Show that: $\inf(A+B) = \inf(A)+ \inf(B)$

Question

Let $A,B$ be non-empty, bounded subsets of $R$ and $A+B=\{a+b:a \in A,b \in B\}$. Show that: $$\inf(A+B)=\inf(A)+\inf(B)$$

This is what I have tried:

Suppose that $x \in A+B \Rightarrow x=a+b, \ a \in A, \ b \in B$. We know that $a\geq \inf A \text{ and } b\geq \inf(B)$ . So $x \geq \inf(A)+\inf(B) \Rightarrow\inf(A+B) \geq \inf(A)+\inf(B)$

If $x\in A \Rightarrow x \in A+B, \text{ so we conclude that } \inf(A) \leq \inf(A+B)$ and if $x \in B \Rightarrow x \in A+B,\text{ so we conclude that } \inf(B) \leq \inf(A+B)$. Therefore, we have that $\displaystyle \frac{\inf(A)+\inf(B)}{2} \leq \inf(A)+\inf(B) \leq \inf(A+B)$.

Could you tell me if it is right?

Answer 1

Your proof for $\inf (A+B)\ge \inf A+\inf B$ is right.

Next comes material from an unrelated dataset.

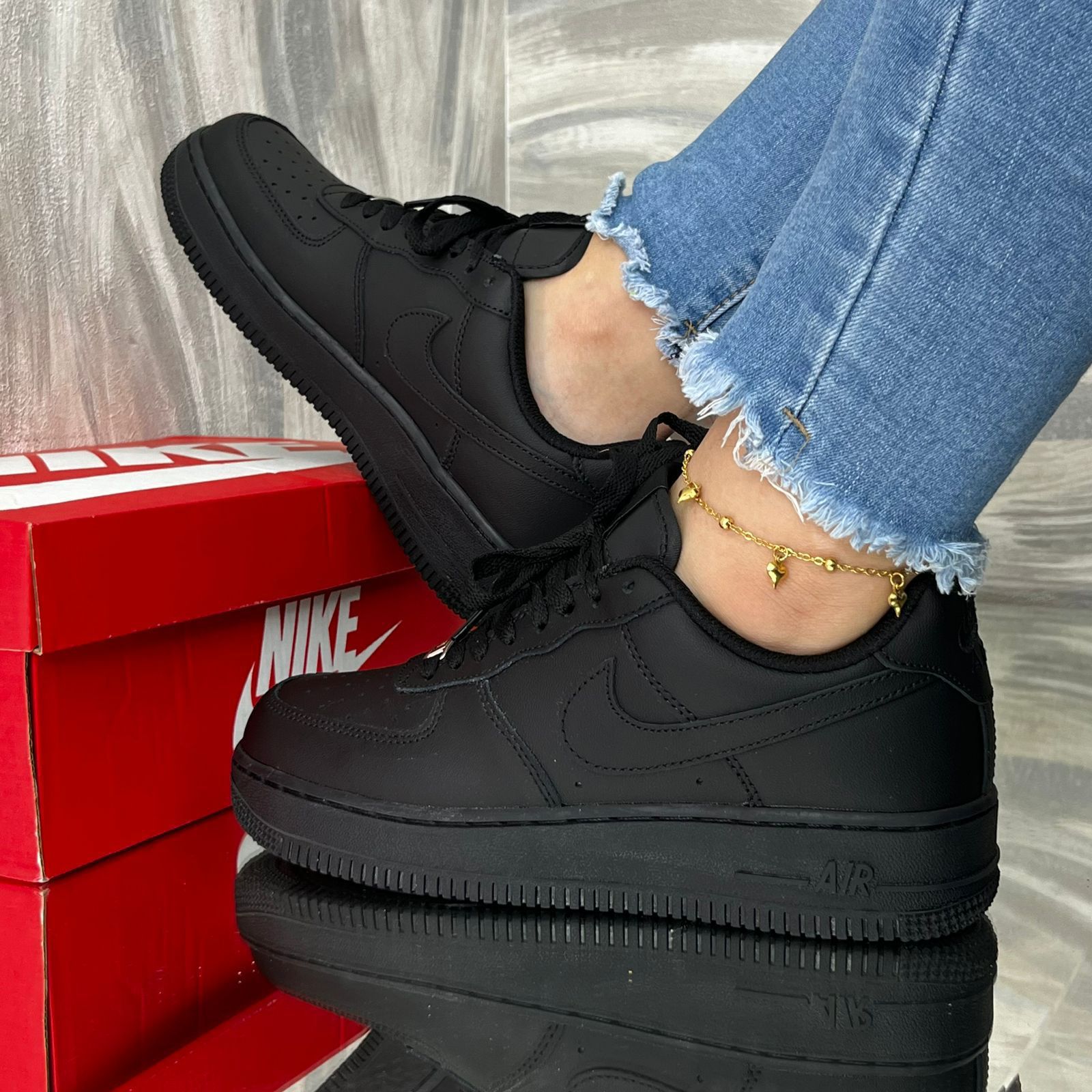 Tenis Nike Air Force Mujer Negro Air Force One Nike Colombia Tenis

For the other direction. For any $\delta>0$, there exist $a\in A, b\in B$ s.t. $a<\inf A+\delta$ and $b<\inf B+\delta$, then $a+b<\inf A+\inf B+2\delta$, hence $\inf (A+B)\le \inf A+\inf B+2\delta$. Let $\delta$ go to zero.

Answer 2

I shall prove a small lemma.

If $x,y$ and $a$ be arbitrary real numbers such that the inequality $a \leq x \leq a+\frac {y}{n}$ holds for all integers $n \geq 1$, then $x=a$.

This is because if $x>a$, then the number $\frac {y}{x-a}$ would be an upper bound for the set of positive integers, which is not the case.

Now, you have proved yourself that $\inf(A+B)\geq \inf(A)+\inf(B)$.
Also observe that for any positive integer $n$, $\exists a \in A$ such that $a \leq \inf(A)+\frac{1}{n}$ and $\exists b \in B$ such that $b\leq \inf(B)+\frac{1}{n}$.(Why?)
So, we have $\inf(A+B)\leq a+b \leq \inf(A)+\inf(B)+\frac {2}{n}$ $\forall n \in \mathbb N$
Thus we have $\inf(A)+\inf(B) \leq \inf (A+B) \leq \inf(A)+\inf(B) + \frac {2}{n}$ for all positive integers $n\geq1$. Thus from the lemma, we are forced to conclude that $\inf(A+B)=\inf(A)+\inf(B)$.